Eighty-three children have been used as “human bombs” in terror attacks in Nigeria this year, the United Nations Children’s Fund said Tuesday. The children, including 55 girls, were induced to commit suicide bombings after being abducted from their families by the terror group Boko Haram.
The figure represents a rapid escalation of the horrific practice and is already four times higher than the whole of 2016, UNICEF said.
“The level of stress ordinary people are living through is extraordinary.”
Thousands of children have been abducted by Boko Haram since the group launched a violent campaign in 2009 to form a state based on its interpretation of Islamic law in eastern Nigeria, many of which have been sent back into the surrounding community as suicide bombers.
The militants have waged a campaign of abductions, assassinations and bombings against those it considers non-believers, including the government of Nigeria and other muslims, especially in the region of Borno and the regional capital Maiduguri.
“I was in Maiduguri in July, and the frequency of the attacks is incredible,” UNICEF spokeswoman Marixie Mercado told VICE News by phone from Geneva. “I was there for eight days, and there were five incidents involving two boys and four girls. The level of stress ordinary people are living through is extraordinary.”
Most of the children forced to become suicide bombers are under 15 years old, UNICEF said.

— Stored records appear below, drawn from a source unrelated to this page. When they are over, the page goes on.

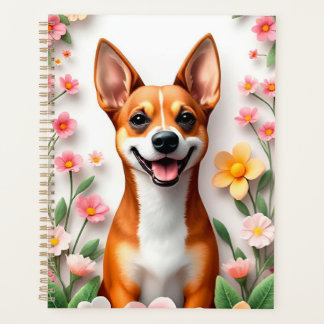 Agenda Cachorro Adorável Enquadrado por Flores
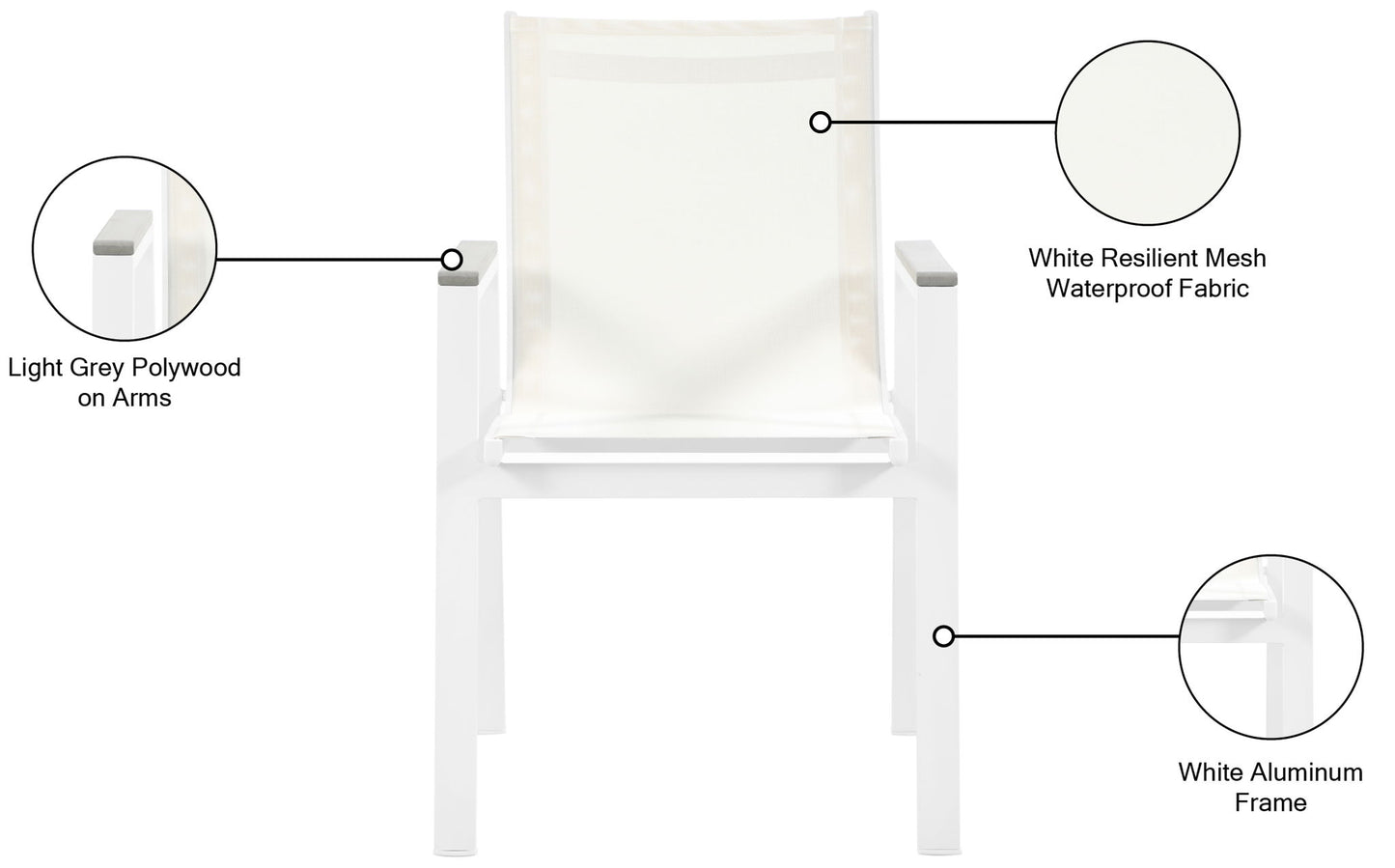 Nizuc - Outdoor Patio Dining Arm Chair With White Frame And Gray Arms (Set of 2)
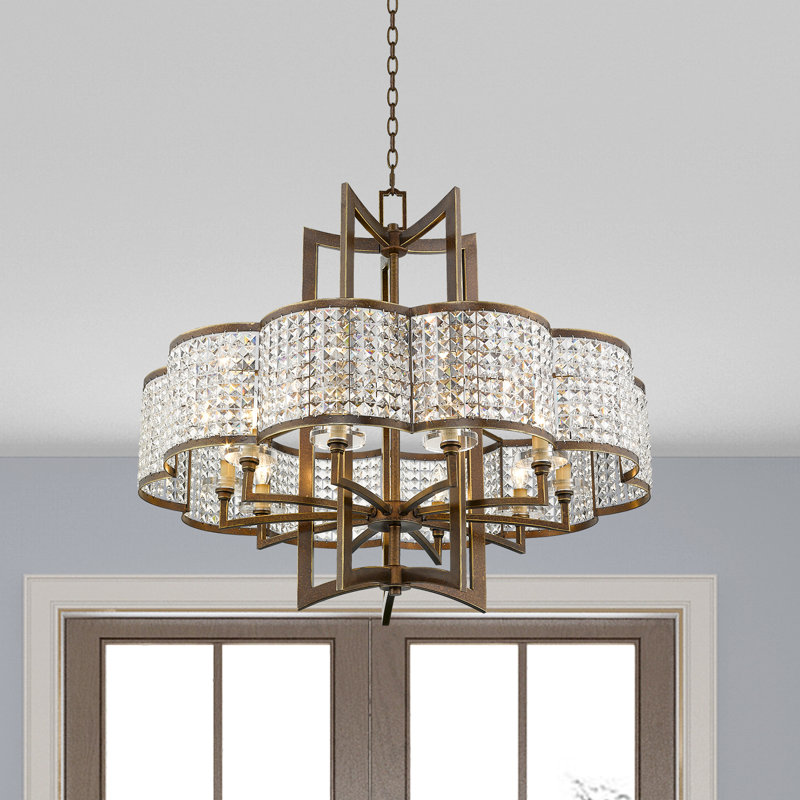 Lustre géométrique à 10 lumières Belisle, Bronze magnifique peint à la main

The report specified that in one gruesome incident, a victim included a baby that had been strapped to a girl.
A previous report released in April by UNICEF said the group’s exact technique for inducing children to participate in suicide bombings remains uncertain, including whether the children are lied to or promised entry into heaven.
“It is unclear whether some of these children are even aware of what they are being asked to do,” the report said. “It has been difficult to ascertain if some of these children are being used to transport the devices to other locations and other active combatants or if they are being forced into a perverse death mission in exchange for promised redemption and martyrdom.”
The terror group’s use of abducted children as suicide bombers reverberates beyond the threat of another attack. Children who are released or escape from the group are normally stigmatized, facing suspicion and rejection when they return home, according to UNICEF.
Boko Haram’s fundamentalist ideology preaches the rejection of all types of western culture, from democratic elections to clothing. The word “haram” means forbidden, and the group’s name translates loosely as “western education is forbidden.”
The use of children as suicide bombers has expanded dramatically in recent years, from 4 in 2014, to 21 in 2015 and 19 in 2016, to 83 thus far in 2017. As of 2014, a total of 127 children, 95 of whom were girls, have been used in suicide bombings.
The figures released Tuesday by UNICEF don’t include attacks in the surrounding countries of Chad, Niger or Cameroon, which would push the figures even higher, Mercado said.